Ici, mon ignorance ne devrait pas avoir trop de conséquences néfastes pour la recherche. Je vais donc m’occuper de l’ardoise. Arrivée devant les caisses, je me sens un peu comme un chien dans un jeu de quilles : un tas de plaques striées, en caoutchouc, des boites de lettres en plastique blanc, des flèches rouges, des mini règles graduées en métal. Que dois-je faire ?

J’imagine aisément qu’il faut glisser les lettres sur une plaque pour constituer un texte informatif. Mais quel doit être son contenu ?

Heureusement pour moi, un fouilleur me rejoint. A-t-il, lui aussi, été banni pour balayage trop appuyé ? Je garde cette interrogation pour moi et lui demande simplement ce qu’il faut mettre sur l’ardoise. Je précise que je suis nouvelle et que je n’ai jamais fait ça. Après un regard que je n’ai pas réussi à interpréter, compatissant ou blasé, il me répond, assez laconique :

« - Il faut indiquer le lieu du chantier, la date, le secteur de fouille et le numéro de la couche. Une information par ligne, tout écrit dans la même police. »

- Et je les trouve où, ces informations ?

- Demande à ton équipe. »

Fin de la discussion.

Il s’affaire sur sa plaque. Je l’observe et me demande comment il va réussir à faire entrer Saint Romain de Jalionas, sur une seule ligne, vue la taille des plaques.

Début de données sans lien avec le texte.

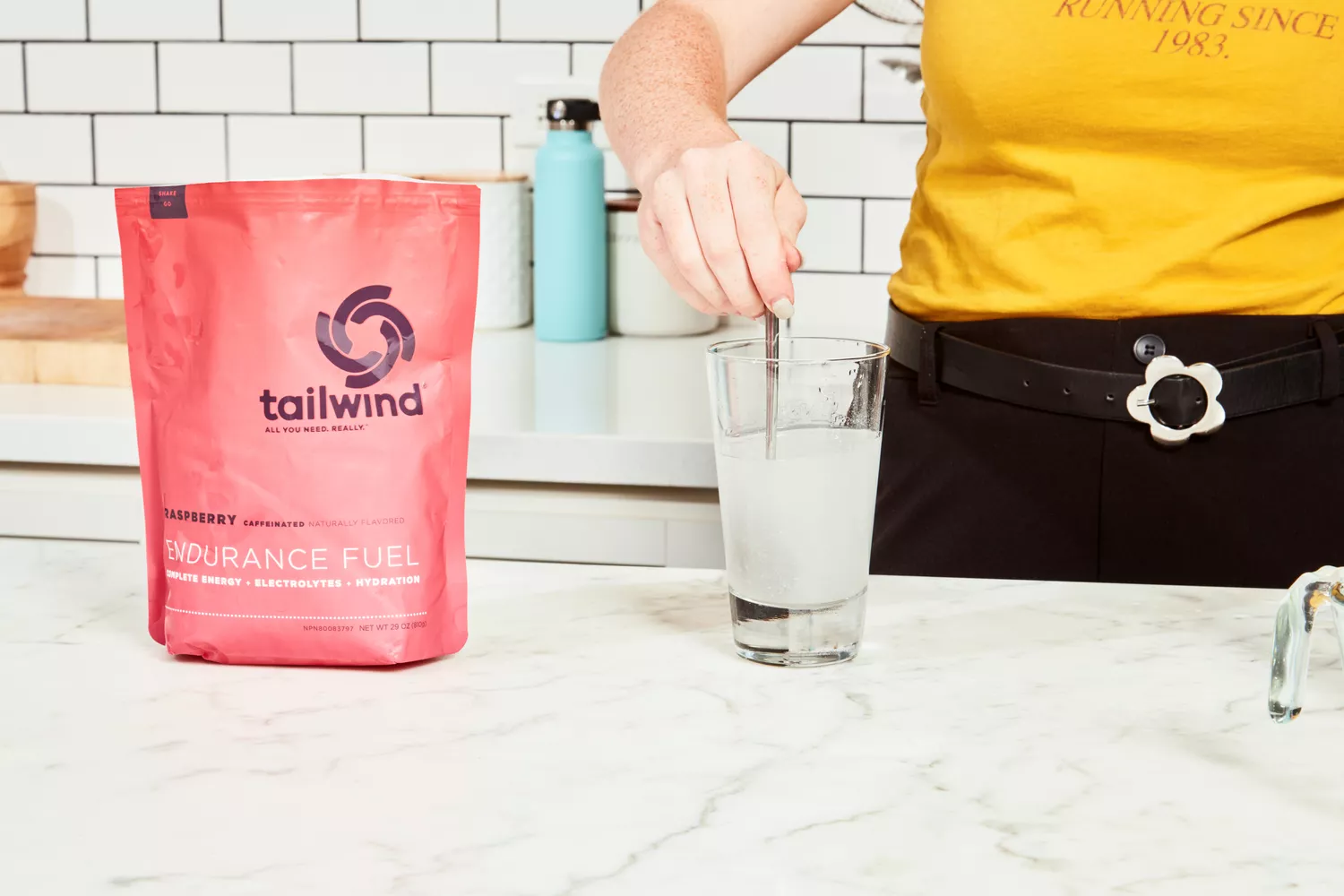 A person stirring a raspberry-flavored caffeinated supplement into a glass of water on a kitchen counter.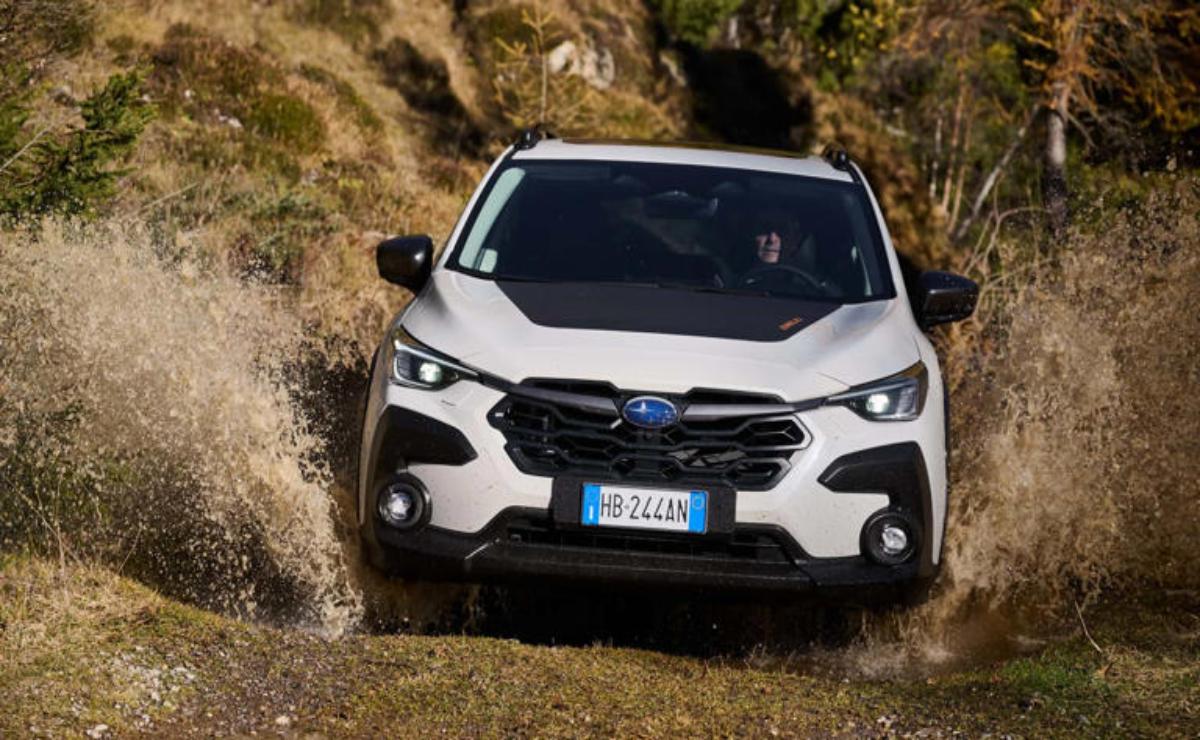A white SUV driving on a rugged dirt road in a natural setting.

Il ouvre les boites, gardiennes des lettres et là, stupeur : des centaines de lettres et de chiffres, en vrac, grosses lettres et petites lettres mélangées, pêle-mêle. Les boites sont constituées de casiers, initialement prévus pour séparer les lettres et les chiffres, les grandes tailles et les petites tailles. Mais là, il semblerait qu’aucun tri n’ait été effectué depuis des décennies. A moins que le transporteur des boites de ce matin soit encore plus maladroit que moi. Est-ce possible ?

Mon compagnon de lettrine s’escrime à trouver les bonnes lettres, râle, rejette au hasard dans une boite les lettres inutiles, fouille, renverse une partie des signes alphabétiques sur le sol pour y voir plus clair.

Il finit par réussir à constituer sa plaque :                      SRJ 2019

                                                                                          S VIII

                                                                                         C 1068

SRJ pour Saint Romain de Jalionas, c’est astucieux. Évidemment, j’aurais dû y penser. Utiliser des abréviations était la seule solution pour parvenir à faire entrer toutes les informations attendues sur cette petite plaque. En plus, cela économise pas mal de lettres. Or, certaines deviennent vite une denrée rare dans ces boites, surtout quand on est plusieurs à réaliser une ardoise en même temps.

Mon acolyte regarde sa plaque, satisfait, ramasse les lettres qui traînent sur le sol, les jette au hasard dans une caisse et retourne rejoindre son équipe, le Graal en main.

A mon tour !

Après avoir demandé le numéro du secteur et de la couche (que j’ai discrètement notés sur un papier car je n’ai aucune mémoire des chiffres), je commence à chercher dans les boites les lettres idoines. Je pose sur une plaque les S.R.J et je retourne farfouiller dans les casiers remplis de chiffres, dans l’espoir d’extirper de quoi constituer l’année. Une fois réalisé cet acte, que je n’hésiterais pas à qualifier d’exploit, je dépose mon butin sur mon ardoise. Je constituerai l’intégralité de mon message lorsque j’aurai rassemblé tous les éléments nécessaires. Un autre fouilleur arrive. Sans doute plus alerte que moi, là aussi, il faut avoir l’œil, il récupère rapidement le matériel utile à son ardoise. Alors que je continue à m’escrimer dans le fouillis des lettres, totalement absorbée par ma tâche, il repart. Mais quel est son secret ?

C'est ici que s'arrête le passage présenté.